◆ Scraped caption text data:
╔══

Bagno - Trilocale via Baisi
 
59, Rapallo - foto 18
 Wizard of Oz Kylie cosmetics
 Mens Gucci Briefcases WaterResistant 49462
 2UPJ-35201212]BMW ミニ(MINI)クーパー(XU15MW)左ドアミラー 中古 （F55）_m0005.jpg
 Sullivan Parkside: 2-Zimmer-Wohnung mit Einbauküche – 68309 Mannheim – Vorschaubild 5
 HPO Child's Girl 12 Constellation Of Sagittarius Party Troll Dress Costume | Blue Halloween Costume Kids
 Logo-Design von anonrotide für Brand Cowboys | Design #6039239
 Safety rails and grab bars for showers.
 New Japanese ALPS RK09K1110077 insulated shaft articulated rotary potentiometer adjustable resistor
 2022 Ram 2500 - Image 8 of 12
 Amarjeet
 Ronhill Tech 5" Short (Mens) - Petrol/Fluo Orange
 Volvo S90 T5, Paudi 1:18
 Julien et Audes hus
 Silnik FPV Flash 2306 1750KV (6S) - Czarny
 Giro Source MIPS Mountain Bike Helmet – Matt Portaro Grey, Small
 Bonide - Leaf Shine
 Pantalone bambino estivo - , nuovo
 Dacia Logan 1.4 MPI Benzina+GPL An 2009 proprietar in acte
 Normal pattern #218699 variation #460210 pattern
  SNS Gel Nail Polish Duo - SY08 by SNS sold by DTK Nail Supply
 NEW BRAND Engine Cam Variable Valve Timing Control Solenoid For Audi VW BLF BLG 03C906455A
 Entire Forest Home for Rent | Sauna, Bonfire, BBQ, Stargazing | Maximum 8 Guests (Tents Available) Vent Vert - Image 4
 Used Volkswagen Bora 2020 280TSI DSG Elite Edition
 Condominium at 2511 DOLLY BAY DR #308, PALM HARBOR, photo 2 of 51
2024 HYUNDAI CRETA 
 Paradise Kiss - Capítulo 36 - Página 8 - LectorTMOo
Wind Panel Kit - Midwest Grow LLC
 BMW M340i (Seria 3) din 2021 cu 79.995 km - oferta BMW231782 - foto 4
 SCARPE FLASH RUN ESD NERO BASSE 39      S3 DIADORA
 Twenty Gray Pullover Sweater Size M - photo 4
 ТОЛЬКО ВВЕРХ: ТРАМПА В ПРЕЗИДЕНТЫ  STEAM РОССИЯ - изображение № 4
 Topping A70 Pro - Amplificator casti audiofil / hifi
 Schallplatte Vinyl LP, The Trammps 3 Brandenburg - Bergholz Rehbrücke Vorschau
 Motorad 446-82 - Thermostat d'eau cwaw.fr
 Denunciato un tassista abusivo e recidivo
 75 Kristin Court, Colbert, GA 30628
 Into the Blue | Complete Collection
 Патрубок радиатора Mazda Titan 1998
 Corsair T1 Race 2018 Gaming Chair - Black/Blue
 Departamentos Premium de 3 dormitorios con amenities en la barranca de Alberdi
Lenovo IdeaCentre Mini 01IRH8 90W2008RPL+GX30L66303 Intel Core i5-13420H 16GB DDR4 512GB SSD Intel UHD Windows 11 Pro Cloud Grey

╚══

◆ What the exercise asks: Print all the entries exactly as written.

◆ Answer section:
Bagno - Trilocale via Baisi
 
59, Rapallo - foto 18
 Wizard of Oz Kylie cosmetics
 Mens Gucci Briefcases WaterResistant 49462
 2UPJ-35201212]BMW ミニ(MINI)クーパー(XU15MW)左ドアミラー 中古 （F55）_m0005.jpg
 Sullivan Parkside: 2-Zimmer-Wohnung mit Einbauküche – 68309 Mannheim – Vorschaubild 5
 HPO Child's Girl 12 Constellation Of Sagittarius Party Troll Dress Costume | Blue Halloween Costume Kids
 Logo-Design von anonrotide für Brand Cowboys | Design #6039239
 Safety rails and grab bars for showers.
 New Japanese ALPS RK09K1110077 insulated shaft articulated rotary potentiometer adjustable resistor
 2022 Ram 2500 - Image 8 of 12
 Amarjeet
 Ronhill Tech 5" Short (Mens) - Petrol/Fluo Orange
 Volvo S90 T5, Paudi 1:18
 Julien et Audes hus
 Silnik FPV Flash 2306 1750KV (6S) - Czarny
 Giro Source MIPS Mountain Bike Helmet – Matt Portaro Grey, Small
 Bonide - Leaf Shine
 Pantalone bambino estivo - , nuovo
 Dacia Logan 1.4 MPI Benzina+GPL An 2009 proprietar in acte
 Normal pattern #218699 variation #460210 pattern
  SNS Gel Nail Polish Duo - SY08 by SNS sold by DTK Nail Supply
 NEW BRAND Engine Cam Variable Valve Timing Control Solenoid For Audi VW BLF BLG 03C906455A
 Entire Forest Home for Rent | Sauna, Bonfire, BBQ, Stargazing | Maximum 8 Guests (Tents Available) Vent Vert - Image 4
 Used Volkswagen Bora 2020 280TSI DSG Elite Edition
 Condominium at 2511 DOLLY BAY DR #308, PALM HARBOR, photo 2 of 51
2024 HYUNDAI CRETA 
 Paradise Kiss - Capítulo 36 - Página 8 - LectorTMOo
Wind Panel Kit - Midwest Grow LLC
 BMW M340i (Seria 3) din 2021 cu 79.995 km - oferta BMW231782 - foto 4
 SCARPE FLASH RUN ESD NERO BASSE 39      S3 DIADORA
 Twenty Gray Pullover Sweater Size M - photo 4
 ТОЛЬКО ВВЕРХ: ТРАМПА В ПРЕЗИДЕНТЫ  STEAM РОССИЯ - изображение № 4
 Topping A70 Pro - Amplificator casti audiofil / hifi
 Schallplatte Vinyl LP, The Trammps 3 Brandenburg - Bergholz Rehbrücke Vorschau
 Motorad 446-82 - Thermostat d'eau cwaw.fr
 Denunciato un tassista abusivo e recidivo
 75 Kristin Court, Colbert, GA 30628
 Into the Blue | Complete Collection
 Патрубок радиатора Mazda Titan 1998
 Corsair T1 Race 2018 Gaming Chair - Black/Blue
 Departamentos Premium de 3 dormitorios con amenities en la barranca de Alberdi
Lenovo IdeaCentre Mini 01IRH8 90W2008RPL+GX30L66303 Intel Core i5-13420H 16GB DDR4 512GB SSD Intel UHD Windows 11 Pro Cloud Grey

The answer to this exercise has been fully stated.